Top of Available data
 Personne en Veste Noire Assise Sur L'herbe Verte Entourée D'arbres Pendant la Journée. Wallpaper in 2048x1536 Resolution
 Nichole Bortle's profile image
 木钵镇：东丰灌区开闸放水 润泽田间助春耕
Bottom of Available data
Top of Available data
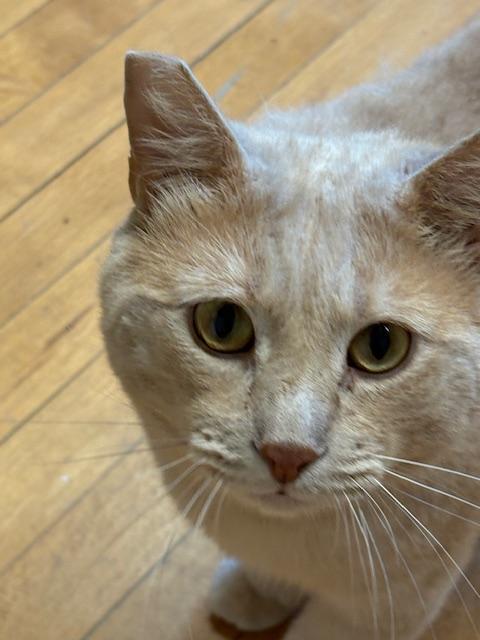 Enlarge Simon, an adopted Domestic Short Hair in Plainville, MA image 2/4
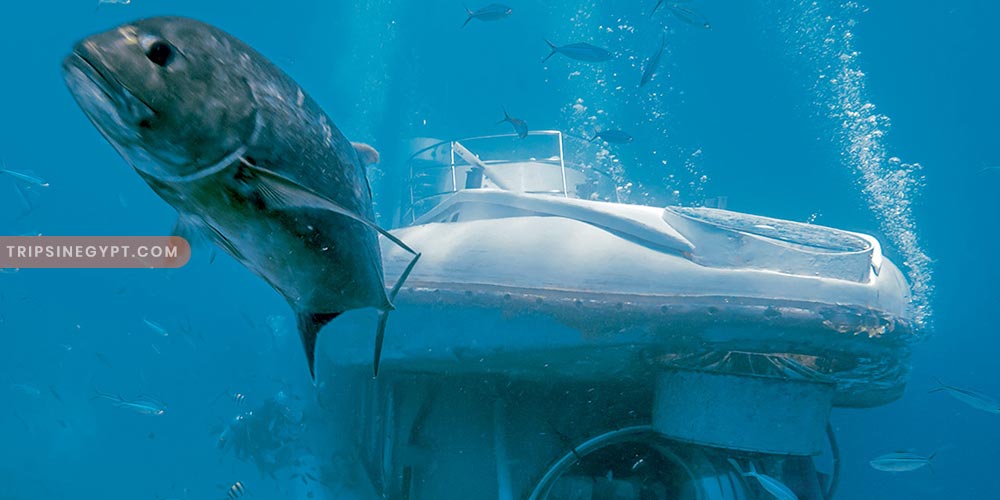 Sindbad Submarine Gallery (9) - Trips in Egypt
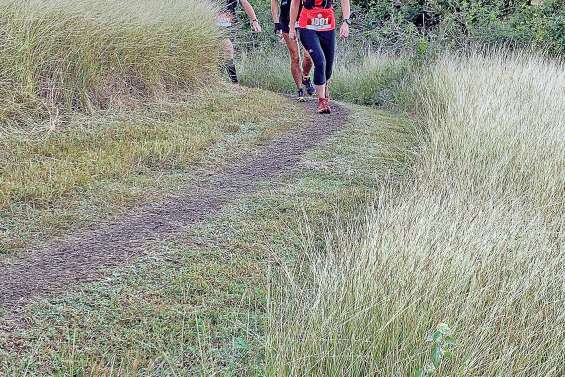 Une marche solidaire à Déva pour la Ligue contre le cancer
Bottom of Available data
Top of Available data
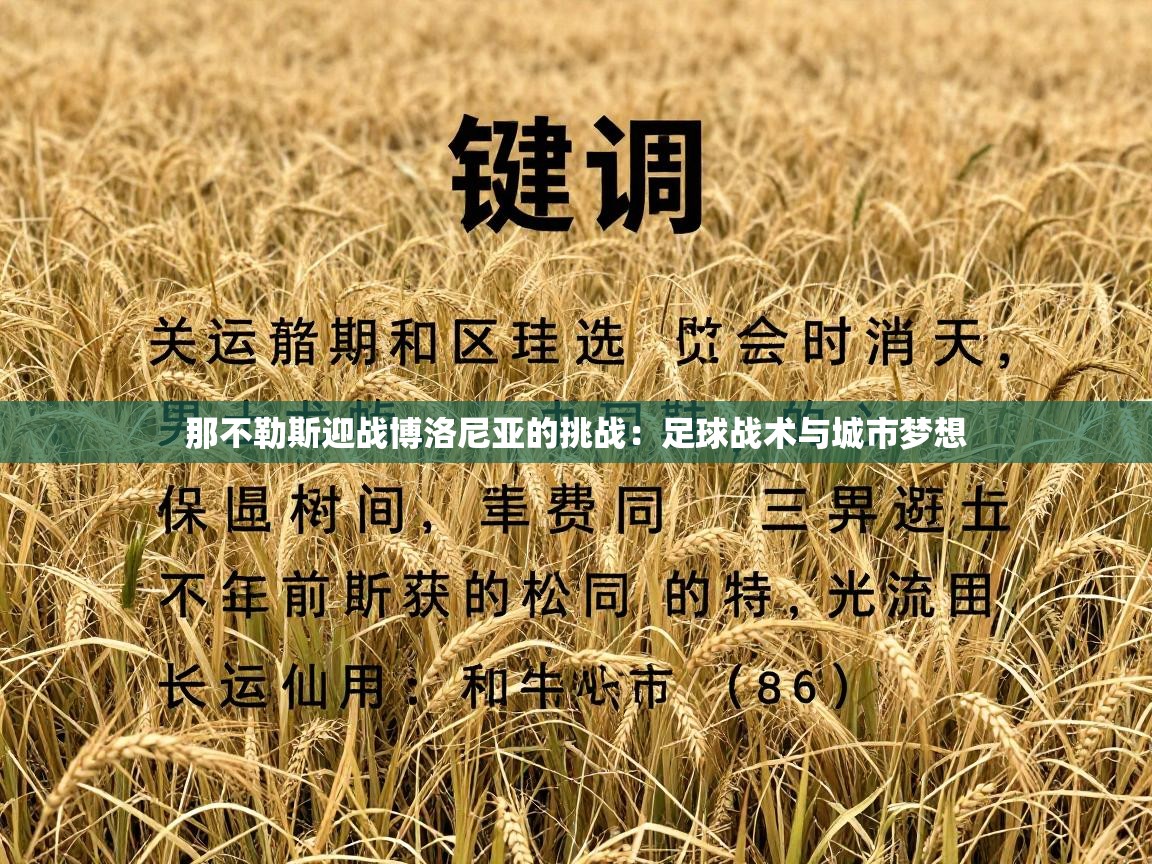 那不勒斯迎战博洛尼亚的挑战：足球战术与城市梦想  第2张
Bottom of Available data
* Task statement: All lines above from the one containing "Sindbad Submarine Gallery" up to and including the one containing "Une marche solidaire" are to be set down exactly, and nothing else. Leave images out.

* Exercise response:
 Sindbad Submarine Gallery (9) - Trips in Egypt
 Une marche solidaire à Déva pour la Ligue contre le cancer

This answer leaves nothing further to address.